* **GOAL OF THE EXERCISE**:
Output the data below line for line, exactly, up to and including the line where "Gare - Metz" appears.
Segment Start: AVAILABLE RECORDS
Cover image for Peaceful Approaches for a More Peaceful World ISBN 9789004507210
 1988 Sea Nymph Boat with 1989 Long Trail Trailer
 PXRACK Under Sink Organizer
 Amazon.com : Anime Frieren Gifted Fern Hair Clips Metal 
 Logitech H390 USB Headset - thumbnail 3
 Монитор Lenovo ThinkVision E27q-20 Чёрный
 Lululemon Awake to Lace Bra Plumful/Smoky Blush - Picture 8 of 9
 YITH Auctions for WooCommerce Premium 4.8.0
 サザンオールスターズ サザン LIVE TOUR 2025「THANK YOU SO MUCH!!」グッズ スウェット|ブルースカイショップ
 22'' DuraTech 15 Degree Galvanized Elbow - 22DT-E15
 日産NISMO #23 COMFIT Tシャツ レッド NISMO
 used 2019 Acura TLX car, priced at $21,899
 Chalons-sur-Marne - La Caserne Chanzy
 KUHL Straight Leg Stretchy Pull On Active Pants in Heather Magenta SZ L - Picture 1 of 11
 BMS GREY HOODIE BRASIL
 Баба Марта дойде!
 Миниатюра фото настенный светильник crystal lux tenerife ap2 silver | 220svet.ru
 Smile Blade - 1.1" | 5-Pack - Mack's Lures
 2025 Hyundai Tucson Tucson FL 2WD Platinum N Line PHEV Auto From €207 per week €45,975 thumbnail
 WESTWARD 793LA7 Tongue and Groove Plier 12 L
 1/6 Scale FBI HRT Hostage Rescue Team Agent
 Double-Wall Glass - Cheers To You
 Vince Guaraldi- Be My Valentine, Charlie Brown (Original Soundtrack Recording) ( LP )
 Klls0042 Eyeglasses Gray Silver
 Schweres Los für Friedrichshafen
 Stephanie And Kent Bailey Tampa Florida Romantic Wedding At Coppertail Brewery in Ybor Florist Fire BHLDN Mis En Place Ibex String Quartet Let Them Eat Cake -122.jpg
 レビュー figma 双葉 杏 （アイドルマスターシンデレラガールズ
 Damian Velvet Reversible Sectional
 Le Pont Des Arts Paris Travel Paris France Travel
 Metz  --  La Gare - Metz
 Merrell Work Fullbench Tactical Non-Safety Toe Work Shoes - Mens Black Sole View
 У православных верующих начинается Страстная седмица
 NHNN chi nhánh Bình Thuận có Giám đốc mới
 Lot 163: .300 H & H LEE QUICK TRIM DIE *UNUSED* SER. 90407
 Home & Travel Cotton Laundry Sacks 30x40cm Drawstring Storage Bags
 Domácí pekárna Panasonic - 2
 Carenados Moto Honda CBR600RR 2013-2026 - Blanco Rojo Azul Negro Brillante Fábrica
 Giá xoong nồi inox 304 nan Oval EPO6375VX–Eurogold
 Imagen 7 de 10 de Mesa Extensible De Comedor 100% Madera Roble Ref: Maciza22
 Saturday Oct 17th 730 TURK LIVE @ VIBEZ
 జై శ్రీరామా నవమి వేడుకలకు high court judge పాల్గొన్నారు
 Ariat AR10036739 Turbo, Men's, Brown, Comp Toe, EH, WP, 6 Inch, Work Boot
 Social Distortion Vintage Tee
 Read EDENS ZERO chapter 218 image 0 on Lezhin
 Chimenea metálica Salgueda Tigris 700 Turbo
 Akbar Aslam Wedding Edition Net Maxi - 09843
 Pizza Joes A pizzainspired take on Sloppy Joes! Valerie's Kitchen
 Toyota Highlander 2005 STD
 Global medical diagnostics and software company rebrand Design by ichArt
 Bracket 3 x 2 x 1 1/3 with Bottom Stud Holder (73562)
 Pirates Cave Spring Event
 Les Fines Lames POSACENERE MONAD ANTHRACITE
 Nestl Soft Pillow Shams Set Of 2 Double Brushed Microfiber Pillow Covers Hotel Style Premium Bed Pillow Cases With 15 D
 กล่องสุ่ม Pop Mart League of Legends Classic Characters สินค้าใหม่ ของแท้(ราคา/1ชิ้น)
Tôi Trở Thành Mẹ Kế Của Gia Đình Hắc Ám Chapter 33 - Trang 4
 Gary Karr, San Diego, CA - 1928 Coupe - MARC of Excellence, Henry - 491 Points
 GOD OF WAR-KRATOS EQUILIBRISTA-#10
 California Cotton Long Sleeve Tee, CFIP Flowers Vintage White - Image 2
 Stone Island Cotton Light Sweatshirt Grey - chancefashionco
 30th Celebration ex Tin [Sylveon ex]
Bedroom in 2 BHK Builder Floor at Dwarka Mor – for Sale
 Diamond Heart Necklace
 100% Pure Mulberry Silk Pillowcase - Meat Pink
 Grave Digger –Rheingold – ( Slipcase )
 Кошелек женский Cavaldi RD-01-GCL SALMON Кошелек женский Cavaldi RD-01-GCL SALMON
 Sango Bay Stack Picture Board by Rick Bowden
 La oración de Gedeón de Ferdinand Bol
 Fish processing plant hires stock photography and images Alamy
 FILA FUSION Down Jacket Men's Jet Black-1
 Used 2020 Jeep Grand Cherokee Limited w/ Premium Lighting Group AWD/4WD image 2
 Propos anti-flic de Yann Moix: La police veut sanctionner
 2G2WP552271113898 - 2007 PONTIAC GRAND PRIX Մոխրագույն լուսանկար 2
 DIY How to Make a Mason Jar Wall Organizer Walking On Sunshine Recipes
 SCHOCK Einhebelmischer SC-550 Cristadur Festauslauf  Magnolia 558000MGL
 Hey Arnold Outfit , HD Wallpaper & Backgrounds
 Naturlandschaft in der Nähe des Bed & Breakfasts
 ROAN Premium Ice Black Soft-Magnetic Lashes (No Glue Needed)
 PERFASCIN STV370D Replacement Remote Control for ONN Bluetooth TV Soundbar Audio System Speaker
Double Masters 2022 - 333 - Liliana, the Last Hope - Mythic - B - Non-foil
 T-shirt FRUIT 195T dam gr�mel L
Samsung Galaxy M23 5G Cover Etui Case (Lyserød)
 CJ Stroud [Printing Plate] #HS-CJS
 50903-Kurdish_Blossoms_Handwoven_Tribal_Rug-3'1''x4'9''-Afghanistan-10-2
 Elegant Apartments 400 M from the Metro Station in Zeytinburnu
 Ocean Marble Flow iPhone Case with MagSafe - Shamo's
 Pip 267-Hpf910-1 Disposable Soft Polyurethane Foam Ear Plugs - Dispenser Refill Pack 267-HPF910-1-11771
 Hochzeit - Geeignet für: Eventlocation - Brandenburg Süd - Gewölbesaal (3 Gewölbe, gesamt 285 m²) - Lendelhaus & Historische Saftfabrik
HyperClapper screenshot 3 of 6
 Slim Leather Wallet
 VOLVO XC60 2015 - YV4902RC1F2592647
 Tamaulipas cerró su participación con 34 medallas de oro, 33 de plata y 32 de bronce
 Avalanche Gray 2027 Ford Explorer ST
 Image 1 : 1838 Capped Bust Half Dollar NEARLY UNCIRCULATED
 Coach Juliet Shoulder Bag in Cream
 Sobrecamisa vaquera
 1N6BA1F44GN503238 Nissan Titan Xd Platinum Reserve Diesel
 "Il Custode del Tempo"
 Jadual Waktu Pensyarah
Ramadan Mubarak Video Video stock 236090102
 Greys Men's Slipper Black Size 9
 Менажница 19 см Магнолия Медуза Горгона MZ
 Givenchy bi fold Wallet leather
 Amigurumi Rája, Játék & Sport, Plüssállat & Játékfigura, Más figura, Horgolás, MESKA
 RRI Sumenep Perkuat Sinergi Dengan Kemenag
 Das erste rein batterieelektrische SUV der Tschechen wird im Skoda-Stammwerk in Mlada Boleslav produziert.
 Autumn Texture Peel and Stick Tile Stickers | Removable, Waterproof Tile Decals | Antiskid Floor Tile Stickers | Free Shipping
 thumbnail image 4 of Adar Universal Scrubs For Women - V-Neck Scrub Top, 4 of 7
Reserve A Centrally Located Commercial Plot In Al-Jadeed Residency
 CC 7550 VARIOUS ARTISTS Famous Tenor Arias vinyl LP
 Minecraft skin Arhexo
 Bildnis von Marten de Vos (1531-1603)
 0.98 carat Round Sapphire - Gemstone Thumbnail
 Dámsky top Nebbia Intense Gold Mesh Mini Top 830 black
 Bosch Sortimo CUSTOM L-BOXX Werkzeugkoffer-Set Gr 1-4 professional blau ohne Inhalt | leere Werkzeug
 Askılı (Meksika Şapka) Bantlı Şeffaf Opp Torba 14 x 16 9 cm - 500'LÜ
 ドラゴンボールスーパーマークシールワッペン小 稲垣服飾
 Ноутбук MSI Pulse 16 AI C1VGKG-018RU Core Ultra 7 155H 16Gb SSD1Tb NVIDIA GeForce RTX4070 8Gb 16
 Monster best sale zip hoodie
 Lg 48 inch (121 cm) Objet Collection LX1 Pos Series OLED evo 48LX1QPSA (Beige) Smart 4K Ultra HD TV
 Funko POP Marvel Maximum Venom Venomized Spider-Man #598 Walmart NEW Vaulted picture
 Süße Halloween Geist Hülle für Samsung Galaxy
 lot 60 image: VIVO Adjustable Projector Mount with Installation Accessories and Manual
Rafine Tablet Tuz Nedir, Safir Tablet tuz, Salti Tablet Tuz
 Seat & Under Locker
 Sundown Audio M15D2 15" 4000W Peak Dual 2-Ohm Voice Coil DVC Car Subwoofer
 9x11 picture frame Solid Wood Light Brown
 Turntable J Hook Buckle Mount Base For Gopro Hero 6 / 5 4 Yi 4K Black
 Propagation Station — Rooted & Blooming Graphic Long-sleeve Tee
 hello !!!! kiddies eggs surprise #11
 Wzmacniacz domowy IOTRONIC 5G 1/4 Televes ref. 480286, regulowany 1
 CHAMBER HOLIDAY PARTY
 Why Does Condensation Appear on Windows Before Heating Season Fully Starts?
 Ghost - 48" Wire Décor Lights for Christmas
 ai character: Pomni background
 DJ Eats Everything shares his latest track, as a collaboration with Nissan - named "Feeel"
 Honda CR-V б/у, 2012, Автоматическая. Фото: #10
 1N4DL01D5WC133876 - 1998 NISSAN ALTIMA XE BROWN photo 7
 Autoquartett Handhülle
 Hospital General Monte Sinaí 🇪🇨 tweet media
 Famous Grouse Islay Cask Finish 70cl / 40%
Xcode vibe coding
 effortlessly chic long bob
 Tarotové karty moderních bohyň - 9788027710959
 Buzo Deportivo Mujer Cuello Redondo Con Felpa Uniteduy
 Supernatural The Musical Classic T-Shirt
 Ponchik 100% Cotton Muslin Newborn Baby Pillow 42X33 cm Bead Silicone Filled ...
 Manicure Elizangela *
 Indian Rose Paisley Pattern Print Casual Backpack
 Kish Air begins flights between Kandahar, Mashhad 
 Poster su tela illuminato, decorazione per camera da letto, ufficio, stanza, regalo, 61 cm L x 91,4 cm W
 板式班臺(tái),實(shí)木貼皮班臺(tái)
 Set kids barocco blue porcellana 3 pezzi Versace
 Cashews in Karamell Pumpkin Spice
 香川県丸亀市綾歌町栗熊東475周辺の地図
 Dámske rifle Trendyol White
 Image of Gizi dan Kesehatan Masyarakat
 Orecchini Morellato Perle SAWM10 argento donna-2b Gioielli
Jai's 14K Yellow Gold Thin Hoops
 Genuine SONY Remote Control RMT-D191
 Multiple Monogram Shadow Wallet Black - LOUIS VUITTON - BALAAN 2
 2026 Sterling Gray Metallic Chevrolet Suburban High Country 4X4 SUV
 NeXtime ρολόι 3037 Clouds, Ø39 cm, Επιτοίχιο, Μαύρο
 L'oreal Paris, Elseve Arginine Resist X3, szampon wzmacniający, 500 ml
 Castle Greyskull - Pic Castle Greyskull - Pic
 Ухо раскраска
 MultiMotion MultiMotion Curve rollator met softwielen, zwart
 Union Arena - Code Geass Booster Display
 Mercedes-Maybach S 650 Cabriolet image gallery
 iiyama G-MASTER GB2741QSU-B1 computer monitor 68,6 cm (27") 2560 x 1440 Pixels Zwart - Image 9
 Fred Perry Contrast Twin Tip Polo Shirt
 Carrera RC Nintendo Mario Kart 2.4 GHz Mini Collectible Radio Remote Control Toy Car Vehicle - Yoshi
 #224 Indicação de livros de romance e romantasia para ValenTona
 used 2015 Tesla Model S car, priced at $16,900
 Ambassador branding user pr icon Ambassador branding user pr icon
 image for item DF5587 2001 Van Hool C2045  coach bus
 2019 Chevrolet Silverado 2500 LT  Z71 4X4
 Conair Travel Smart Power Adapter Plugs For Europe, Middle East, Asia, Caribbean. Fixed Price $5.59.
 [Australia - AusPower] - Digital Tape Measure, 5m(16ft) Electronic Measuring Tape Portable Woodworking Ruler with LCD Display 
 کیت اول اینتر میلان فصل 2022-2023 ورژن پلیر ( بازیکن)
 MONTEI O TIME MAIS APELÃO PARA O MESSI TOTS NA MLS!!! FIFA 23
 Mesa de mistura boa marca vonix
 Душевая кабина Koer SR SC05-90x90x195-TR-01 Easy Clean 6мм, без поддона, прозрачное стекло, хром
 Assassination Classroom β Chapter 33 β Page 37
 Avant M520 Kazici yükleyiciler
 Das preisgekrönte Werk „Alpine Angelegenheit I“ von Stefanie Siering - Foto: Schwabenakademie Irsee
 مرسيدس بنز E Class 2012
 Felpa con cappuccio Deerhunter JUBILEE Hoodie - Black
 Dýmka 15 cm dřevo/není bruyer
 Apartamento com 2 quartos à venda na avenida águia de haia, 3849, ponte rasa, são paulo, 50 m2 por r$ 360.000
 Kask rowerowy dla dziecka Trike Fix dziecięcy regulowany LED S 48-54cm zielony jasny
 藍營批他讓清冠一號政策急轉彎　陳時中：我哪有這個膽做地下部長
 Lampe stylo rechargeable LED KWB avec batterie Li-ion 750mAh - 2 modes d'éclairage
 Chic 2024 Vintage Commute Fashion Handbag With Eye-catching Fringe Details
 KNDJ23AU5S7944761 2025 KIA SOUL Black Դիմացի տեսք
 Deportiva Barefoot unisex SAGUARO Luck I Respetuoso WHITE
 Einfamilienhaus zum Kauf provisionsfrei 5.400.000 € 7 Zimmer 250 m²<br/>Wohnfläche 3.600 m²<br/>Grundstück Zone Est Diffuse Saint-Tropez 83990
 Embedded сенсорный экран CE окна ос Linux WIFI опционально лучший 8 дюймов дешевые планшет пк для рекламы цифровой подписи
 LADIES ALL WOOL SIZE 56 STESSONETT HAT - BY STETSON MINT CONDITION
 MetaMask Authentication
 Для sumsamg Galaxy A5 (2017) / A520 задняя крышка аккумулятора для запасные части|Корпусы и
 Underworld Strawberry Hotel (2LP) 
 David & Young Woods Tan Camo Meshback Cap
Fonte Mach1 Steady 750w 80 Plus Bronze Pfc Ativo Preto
Segment End: AVAILABLE RECORDS
* **SOLUTION TO THE EXERCISE**:
Cover image for Peaceful Approaches for a More Peaceful World ISBN 9789004507210
 1988 Sea Nymph Boat with 1989 Long Trail Trailer
 PXRACK Under Sink Organizer
 Amazon.com : Anime Frieren Gifted Fern Hair Clips Metal 
 Logitech H390 USB Headset - thumbnail 3
 Монитор Lenovo ThinkVision E27q-20 Чёрный
 Lululemon Awake to Lace Bra Plumful/Smoky Blush - Picture 8 of 9
 YITH Auctions for WooCommerce Premium 4.8.0
 サザンオールスターズ サザン LIVE TOUR 2025「THANK YOU SO MUCH!!」グッズ スウェット|ブルースカイショップ
 22'' DuraTech 15 Degree Galvanized Elbow - 22DT-E15
 日産NISMO #23 COMFIT Tシャツ レッド NISMO
 used 2019 Acura TLX car, priced at $21,899
 Chalons-sur-Marne - La Caserne Chanzy
 KUHL Straight Leg Stretchy Pull On Active Pants in Heather Magenta SZ L - Picture 1 of 11
 BMS GREY HOODIE BRASIL
 Баба Марта дойде!
 Миниатюра фото настенный светильник crystal lux tenerife ap2 silver | 220svet.ru
 Smile Blade - 1.1" | 5-Pack - Mack's Lures
 2025 Hyundai Tucson Tucson FL 2WD Platinum N Line PHEV Auto From €207 per week €45,975 thumbnail
 WESTWARD 793LA7 Tongue and Groove Plier 12 L
 1/6 Scale FBI HRT Hostage Rescue Team Agent
 Double-Wall Glass - Cheers To You
 Vince Guaraldi- Be My Valentine, Charlie Brown (Original Soundtrack Recording) ( LP )
 Klls0042 Eyeglasses Gray Silver
 Schweres Los für Friedrichshafen
 Stephanie And Kent Bailey Tampa Florida Romantic Wedding At Coppertail Brewery in Ybor Florist Fire BHLDN Mis En Place Ibex String Quartet Let Them Eat Cake -122.jpg
 レビュー figma 双葉 杏 （アイドルマスターシンデレラガールズ
 Damian Velvet Reversible Sectional
 Le Pont Des Arts Paris Travel Paris France Travel
 Metz  --  La Gare - Metz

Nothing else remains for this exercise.